Michael GreerWhat is an editor? That question, posed at a roundtable discussion at the recent PubWest Conference in Santa Fe, elicited surprising new answers. In the digital age of publishing, the job description for “editor” is shifting, morphing, and growing larger, agreed the group. And as discussion leader Michael Greer tells CCC’s Chris Kenneally, “Editors tend to have responsibility for more parts of the publishing process, more different phases of the editorial process. There is a greater emphasis on design, and a greater emphasis on technology, especially the different ways to use technology to facilitate manuscript development, manuscript delivery, and author communication, and transmitting manuscripts and information to the editorial and production staff.

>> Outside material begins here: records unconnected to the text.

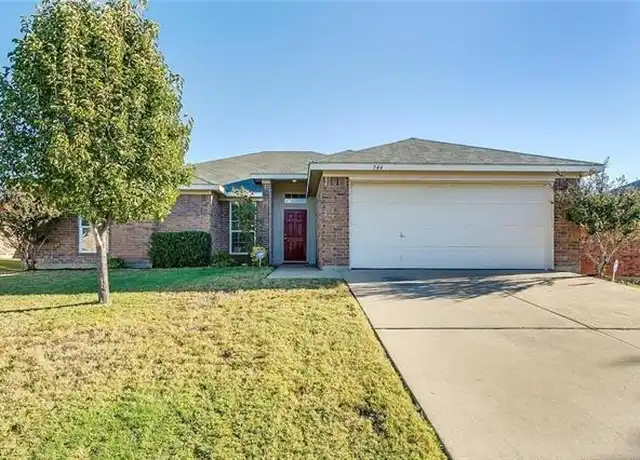 Property at 544 Marybeth Dr, Burleson, TX, 76028, 4 beds, 2 baths, [object Object]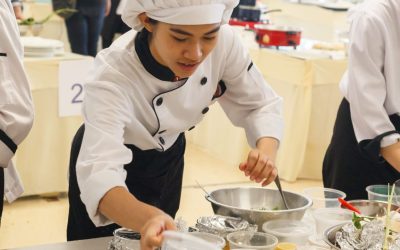 WorldSkills: így lesz valakiből a világ legjobb fiatal szakácsa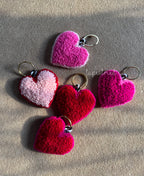 Heart Keychain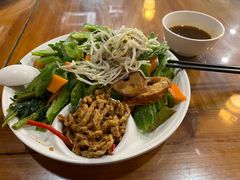 -清心素食自助餐厅(夫子庙店)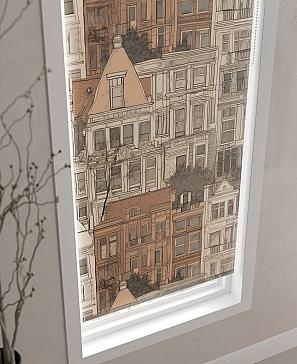 Рулонная штора  «Бетта-84 - ширина 62 см»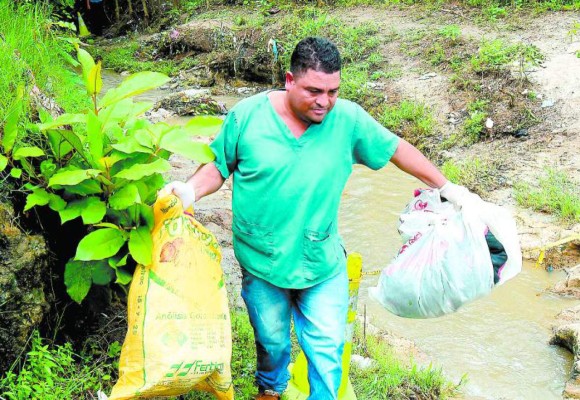 Los sucesos de Honduras más impactantes de esta semana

As a senior development editor for Pearson Higher Education and instructor at the department of rhetoric and writing for the University of Arkansas-Little Rock, Greer finds a cause for role shift in the shrinking ranks of publishing professionals. “Editors are having to wear more hats within their companies,” he explains. “Along with that goes the need to collaborate virtually with team members that may be around the country or around the world.”

“You might have an editor in one city, a designer in another, an e-book vendor in a third. As the editor of a product or a publisher, you’re almost a team manager,” notes Greer. “You’re working across platforms, across teams, across time and space, using virtual collaboration tools to build a sense of community and build a sense of a project.”